Она больше дорожила своим преступлением в тот период, когда вынашивала его, когда оно было зыбким, пульсирующим, совершенным до мелочей, готовым ринуться в реальную жизнь, как ребёнок на исходе беременности… «Но оно не особенно нуждалось в реальной жизни… В действительности оно выглядит старым, замусоленным, наводящим тоску. Вот и пришла пора моей великой скорби, когда я ежедневно обставляю новыми декорациями свою великую скорбь, новый, ещё не выдуманный поворот сюжета, какую-нибудь катастрофу или чудо… Я согласилась бы променять свою великую скорбь лишь на душевное спокойствие – если я обманулась, что со мной будет?..» Она догадывается, что преступление – это всегда нечестная сделка. Но она соглашается на него с трудом, ибо она упряма и принимает за конец то, что является лишь началом. После этого ей придётся изведать ещё не одно унижение, до тех пор пока она не поймёт, что все люди делятся на две категории: на тех, кто убивал, и на тех, кто не убивал.

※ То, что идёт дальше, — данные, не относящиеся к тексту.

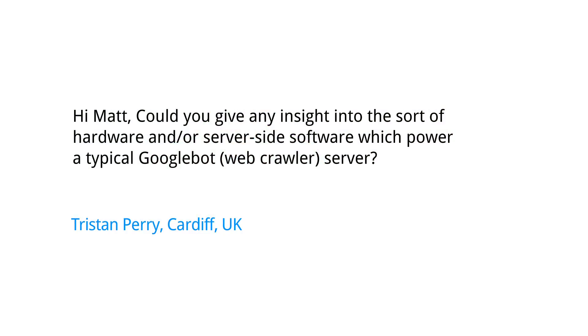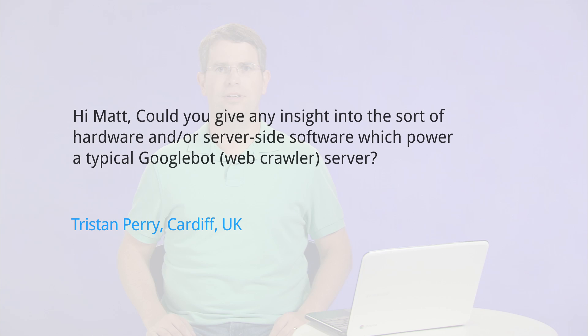Today's question comes from Cardiff, UK. Tristan Perry asks a fun question. Hi Matt, could you give any insight into the sort of hardware and or server-side software which power a typical Googlebot web crawler server?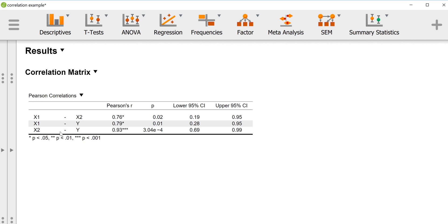For x2 and y we get a ridiculously strong correlation of 0.93 and the p-value is quite low at 0.0003 — that 4e-4 in scientific notation just means move the decimal place four places to the left, giving you 0.0003. The confidence interval is a bit more precise, ranging from 0.69 to 0.99, so we can be relatively confident that in the population the correlation is likely positive and relatively strong.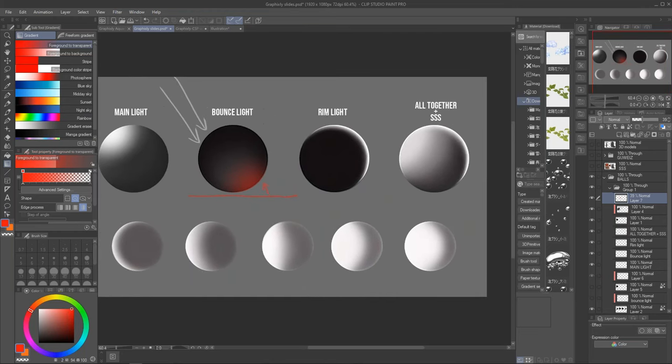Let's move on to the rim light — another advanced trick you can start using today, whether you're a beginner or a professional. This type of light appears when illumination in the scene hits the character mostly from behind or a side, creating a sharp bright outline, as you can see here.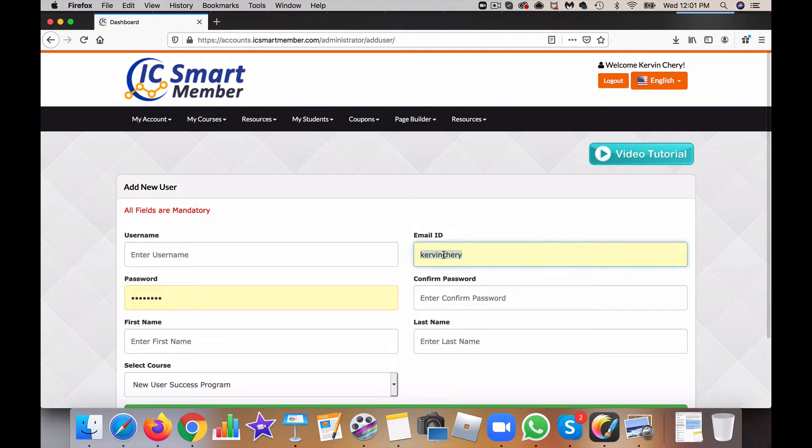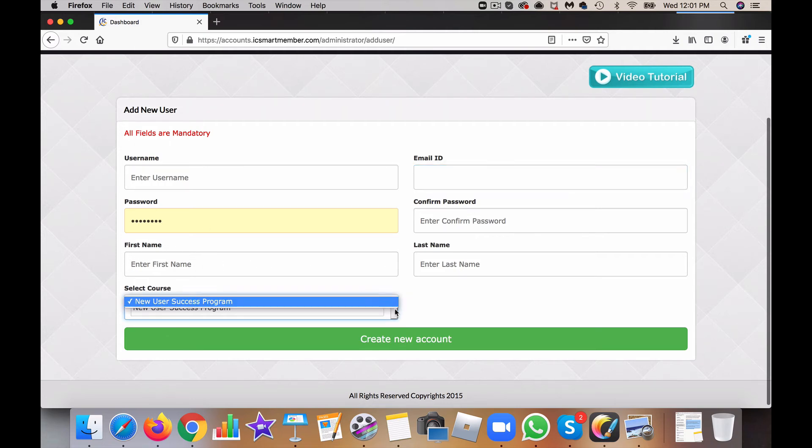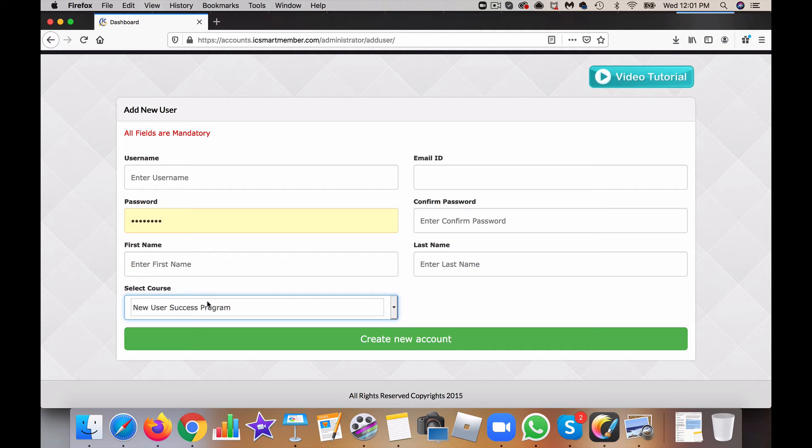Put in the email address here. Create a password. Put in the name of the person and you would select the course that you want them to have access to. So basically, that's it. Is that simple?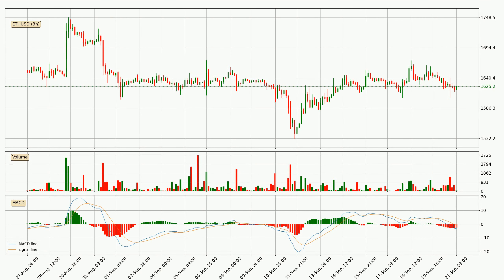Generally, the bigger time frames have a bigger impact on the price, so please keep that in mind when we show different time frames showing contrasting indicators. Also, the shorter time frames are only representative for short-term trading.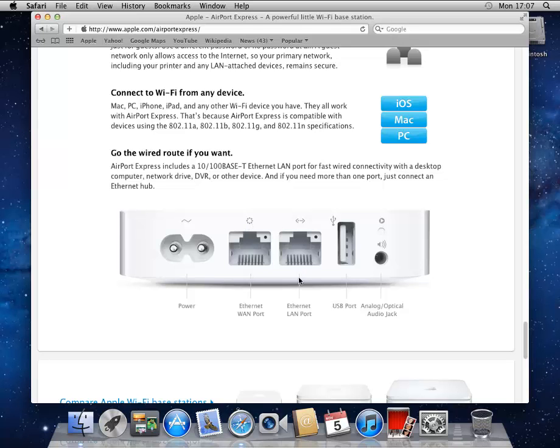And then there's the local area network, the LAN port, that has a standard regular Ethernet connector that matches onto your switches or the back of your computer. So this is for the local devices in your home.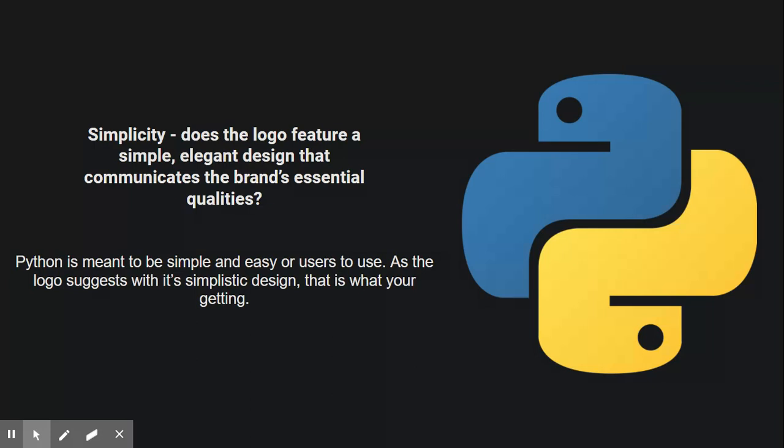And in my opinion, I think that's what this logo suggests. With its simplistic design, it's saying that's basically what you're getting - a simplistic piece of software that's very easy to use.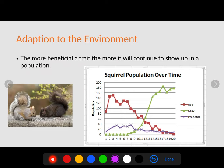The more beneficial a trait, the more it will continue to show up in a population. A great example involves these two squirrels. In Pennsylvania, when the region was first settled, the black squirrel was actually the dominant squirrel in that location — it is actually a form of red squirrel, indicated by the red line on the graph.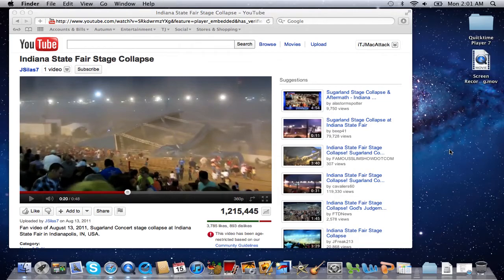Hello YouTube, this is TJ and I have a quick tutorial on how to capture a YouTube video on your Mac with no plugins or applications, simply by using Safari.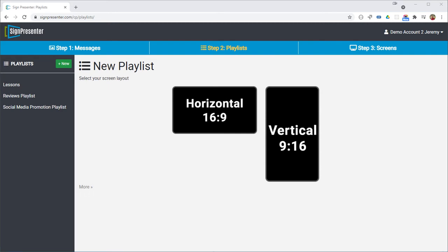There are times in SignPresenter when you use a playlist created by somebody else and you may want to modify that playlist but you do not have access to because you are not the owner. So what we have is the option to use nested playlists instead that gives you a lot of flexibility.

Мне случалось спускаться в глубины ревности, основательно устраиваться там и мечтать. Нельзя сказать, что там нечем дышать, и, бывало, описывая пребывание в этом месте, я, как и все, сравнивала его с адом – я прошу занести это слово на счёт моего лиризма. Скорее, это своего рода спортивное чистилище, где по очереди упражняются все наши чувства; у него мрачный вид, как у всех гимнастических храмов. Разумеется, я говорю о законной обоснованной ревности, а не о мономании. Развитый слух, виртуозное зрение, быстрые и бесшумные шаги, обоняние, пытающееся уловить флюиды чьих-то волос, рассеянные в воздухе душистые частицы, которые оставил, проходя, неприлично счастливый человек, – всё это очень напоминает боевые учения солдат или искусство браконьеров. Тело, которое постоянно настороже, становится лёгким, передвигается с сомнамбулической ловкостью и редко оступается. Я даже осмеливаюсь утверждать, что под защитой своего транса оно не подвержено обычным болезням, при условии, что соблюдает особый строгий режим ревнивцев, то есть хорошо питается и отвергает наркотики. Прочие правила этого режима либо скучны, как одинокие занятия спортом, либо безнравственны, как азартные игры, и меняются в зависимости от характера игроков. Всё прочее – это вереница пари, которые выигрывают и проигрывают, но главным образом выигрывают. «Что я тебе говорила? Я говорила, что Он встречается с ней каждый день за чаем. Я была в этом уверена!» Всё прочее – это состязание: конкурсы красоты, здоровья, упорства и даже похоти… Всё прочее – это надежда…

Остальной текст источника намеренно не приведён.